Burka-Debatte überlagert Diskussion um Überwachung und Grundrechte
Weil die Diskussion um das Burka-Verbot alles überlagerte und alle anderen Punkte untergingen, schauen wir uns hier explizit nur das Kapitel zum Thema „Sicherheit“ an, das eine lange Liste von grundrechtsfeindlichen Vorschlägen enthält.
Der Geist der Berliner Erklärung zeigt sich in einen bemerkenswerten und generellen Angriff auf den Datenschutz, wenn es heißt:
Gleichzeitig arbeiten unsere Sicherheitsbehörden unter erschwerten Bedingungen. Besonders das überzogene Datenschutzrecht schränkt ihre Möglichkeiten, unsere Bürger zu schützen und die Feinde der Demokratie abzuwehren, häufig unverhältnismäßig ein.
Drastische Erweiterung der Vorratsdatenspeicherung
Die Vorratsdatenspeicherung ist bislang nur für schwere und schwerste Straftaten zugelassen. Das wollen die Unions-Innenminister ändern:
Die Telekommunikationsüberwachung und die Nutzung der Vorratsdatenspeicherung müssen auch bei Wohnungseinbruchsdiebstahl ermöglicht werden.
Und weiter unten:
Der Straftatenkatalog, der zu einer Verkehrsdatenspeicherung ermächtigt, muss erweitert werden, etwa um den Tatbestand der Terrorismusfinanzierung.

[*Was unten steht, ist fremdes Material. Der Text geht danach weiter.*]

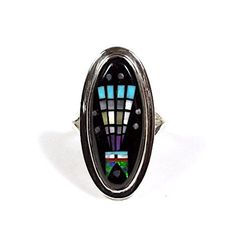 (Guaranteed 100% Sterling Silver) High quality 925 sterling silver ring with natural genuine multicolor stones. The ring is handcrafted and the stones are inlaid together to create this beautiful Southwestern piece of art jewelry. The stones consist of natural  Black Onyx, Coral, Mother of Pearl, and Fire Opals. The top of the ring measures 1-1/4'' x 5/8''. Our silver is genuine 925 sterling silver. You will receive the item in a gift box. Thanks for looking and check out more items in my Etsy s Multicolor Oval Hallmarked Ring, Oval Multicolor Hallmarked Ring, Black Sterling Silver Jewelry With Inlay, Black Ring With Inlay, Black Rings With Inlay, Unique Multicolor Rings With Polished Finish, Black Inlay Round Ring, Multicolor Sterling Silver Hallmarked Rings, Multicolor Hallmarked Sterling Silver Rings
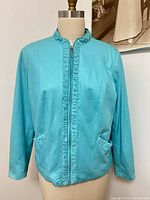 Front view showing ruched trim, zipper, pockets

Bislang ist der Zugriff nach richterlichem Beschluss nur Polizeien erlaubt. Das will die CDU erweitern, damit quasi alle Sicherheitsbehörden Zugriff auf die Daten hätten:
Wir fordern, dass das BKA und die Verfassungsschutzämter von Bund und Ländern die Vorrats- datenspeicherung nutzen können.
E‑Maildienste sind absichtlich ausgenommen von der Vorratsdatenspeicherung, damit sie überhaupt verfassungskonform sein kann. Die CDU will nun E‑Mailanbieter und soziale Netzwerke in die Vorratsdatenspeicherung einschließen und diese damit drastisch erweitern:
Wir fordern, die Vorratsdatenspeicherung praxisgerechter auszugestalten. Auch die Anbieter von E‑Mail-Diensten und die Betreiber Sozialer Medien müssen verpflichtet werden, Verkehrsdaten zu speichern.
Und weil das natürlich nicht ausreicht, muss das auch alles noch länger gespeichert werden:
Die Fristen für die Speicherung müssen von bisher nur zehn Wochen auf sechs Monate deutlich erhöht werden.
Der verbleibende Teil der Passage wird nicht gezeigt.